- PROBLEM DESCRIPTION: Transcribe the entries below exactly, starting with the line that has "Glutenfreie Schokolade Budnt" and stopping after the line that has "Building Photo - 1125 Crestview Dr"; no pictures belong in the copy.

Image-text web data
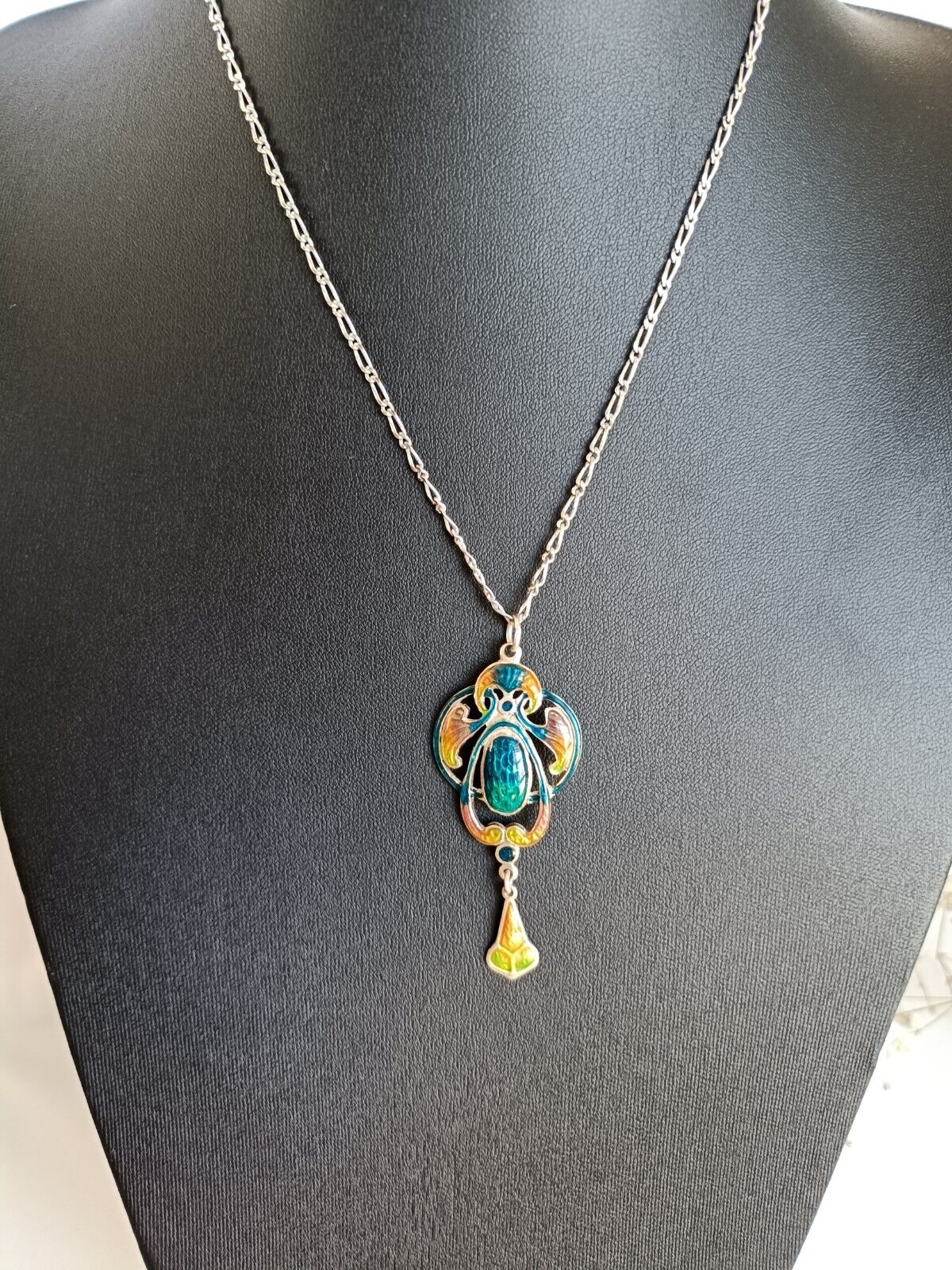 Vintage Art Nouveau Style Sterling Silver & Enamel Lavalier Pendant & Chain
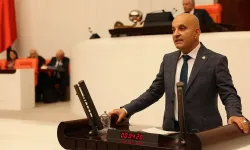 CHP'li Polat'tan Genel Merkez önünde açıklama: İnatla boşaltmamakta ısrar ediyorlar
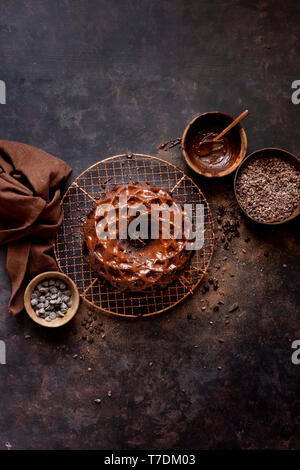 Glutenfreie Schokolade Budnt Kuchen mit Schokolade Nieselregen. Stockfoto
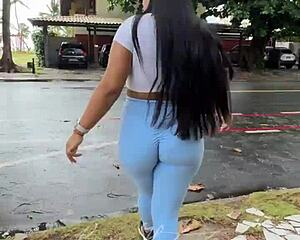 WOW TIGHT LEGGINGS WALK Tease?!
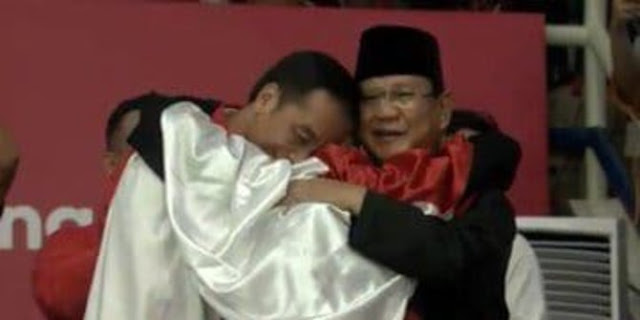 Demokrat: Pelukan Jokowi - Prabowo tunjukkan keteduhan, harus dicontoh pendukungnya
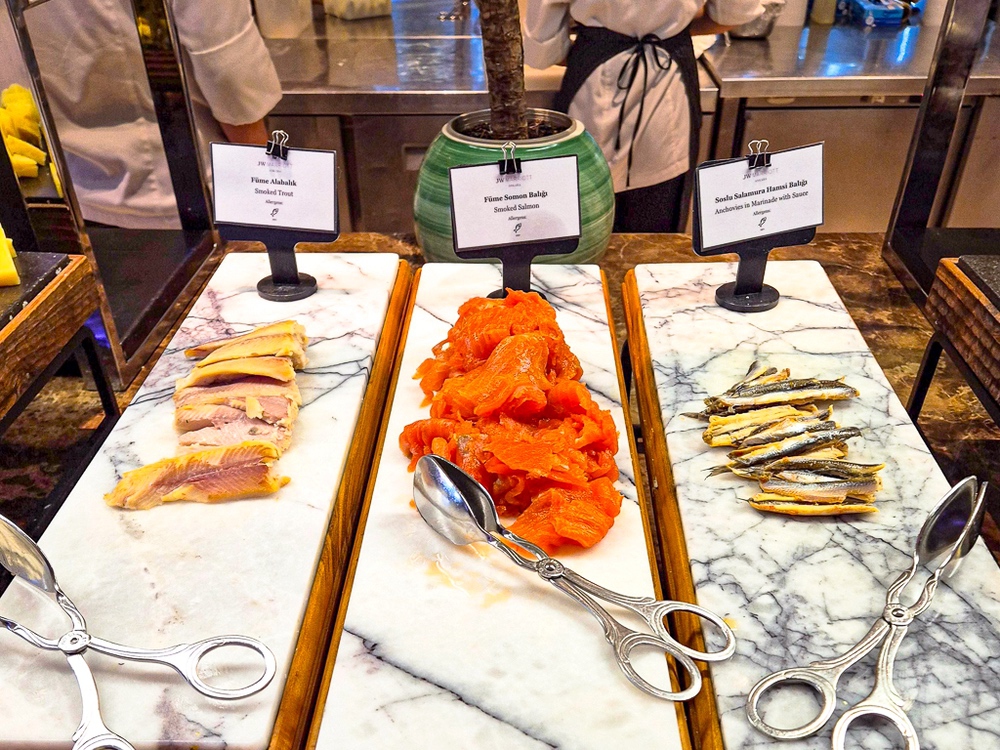 Selection de poissons fumes et specialites marines au buffet du JW Marriott Hotel Ankara sur presentoirs marbre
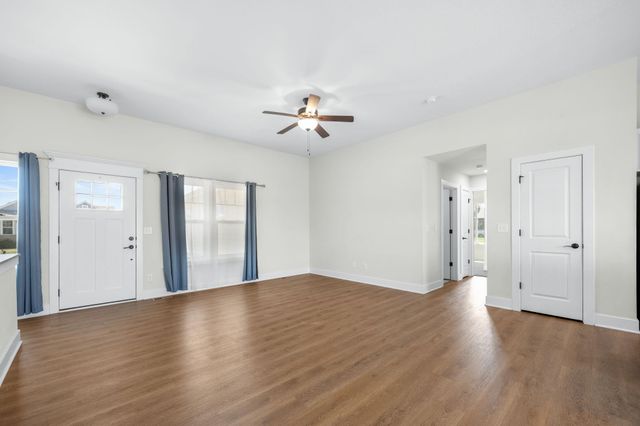 5835 N Ashford St, Wichita, KS 67219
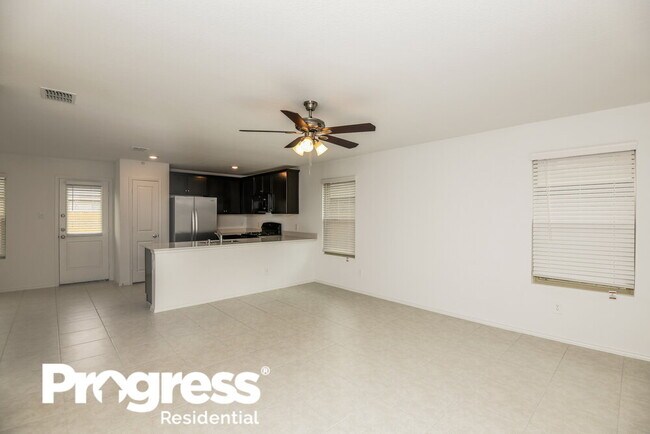 Building Photo - 1125 Crestview Dr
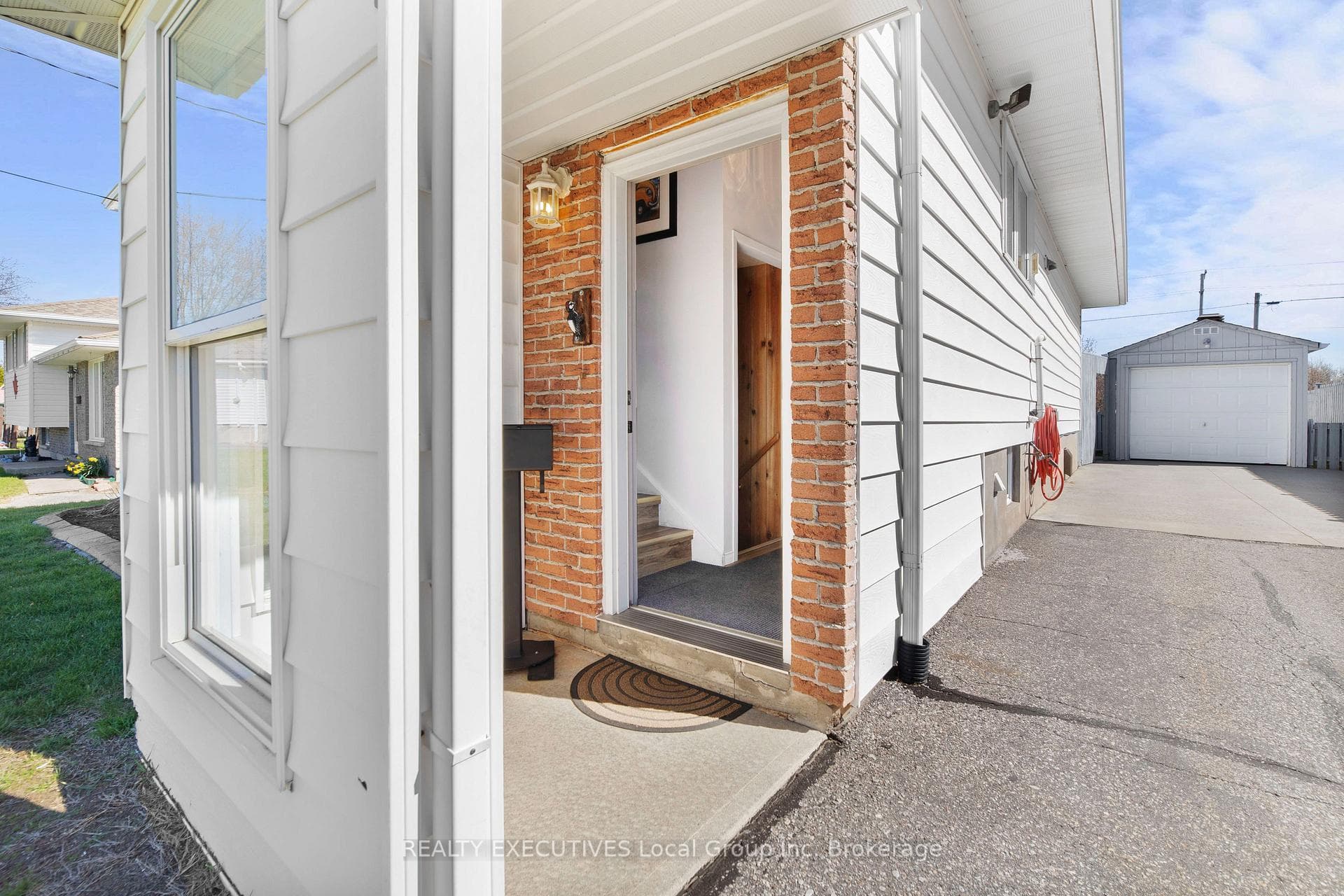 18 VAN HORNE Crescent photo 5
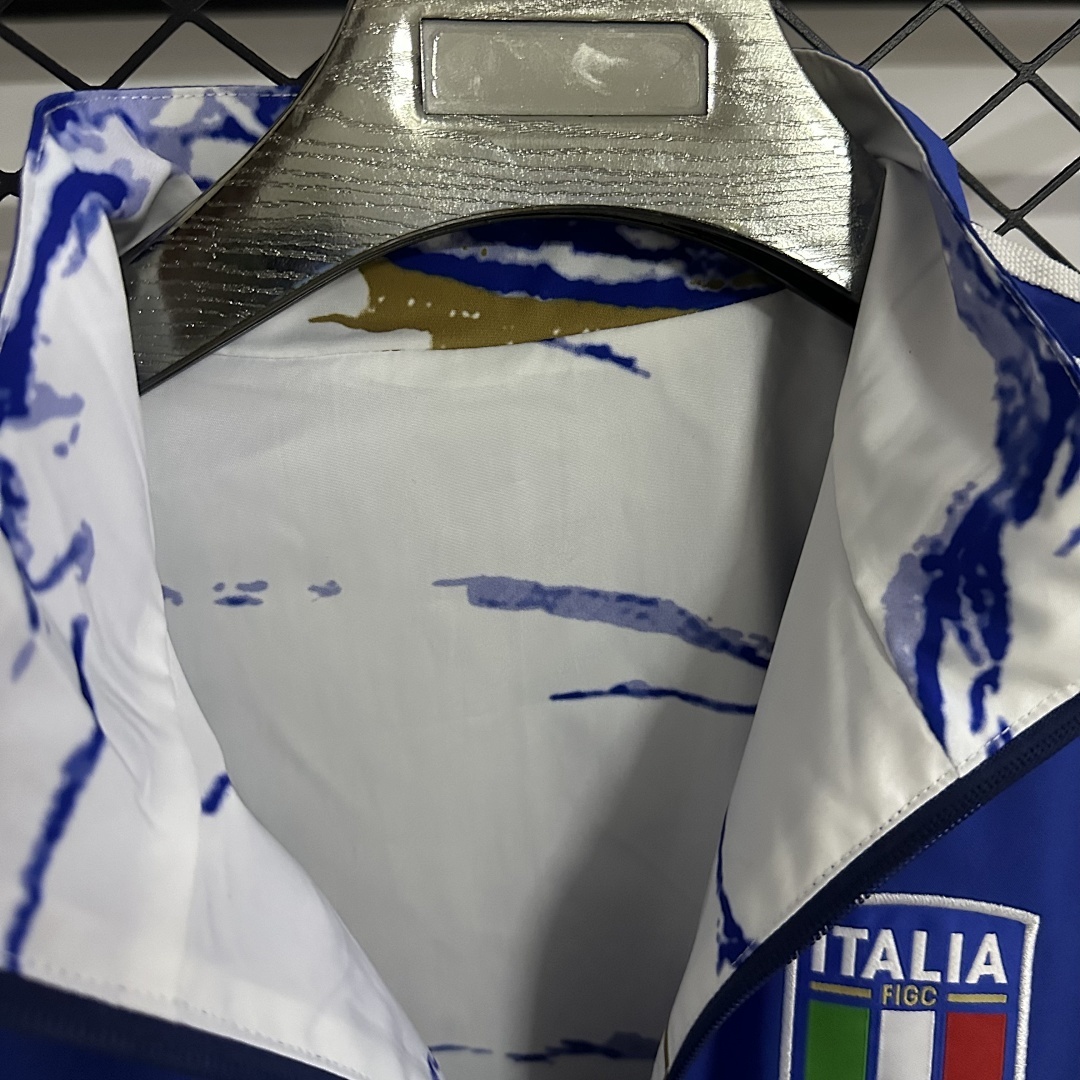 Windbreaker Italy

- RESULT FOR THIS TASK:
 Glutenfreie Schokolade Budnt Kuchen mit Schokolade Nieselregen. Stockfoto
 WOW TIGHT LEGGINGS WALK Tease?!
 Demokrat: Pelukan Jokowi - Prabowo tunjukkan keteduhan, harus dicontoh pendukungnya
 Selection de poissons fumes et specialites marines au buffet du JW Marriott Hotel Ankara sur presentoirs marbre
 5835 N Ashford St, Wichita, KS 67219
 Building Photo - 1125 Crestview Dr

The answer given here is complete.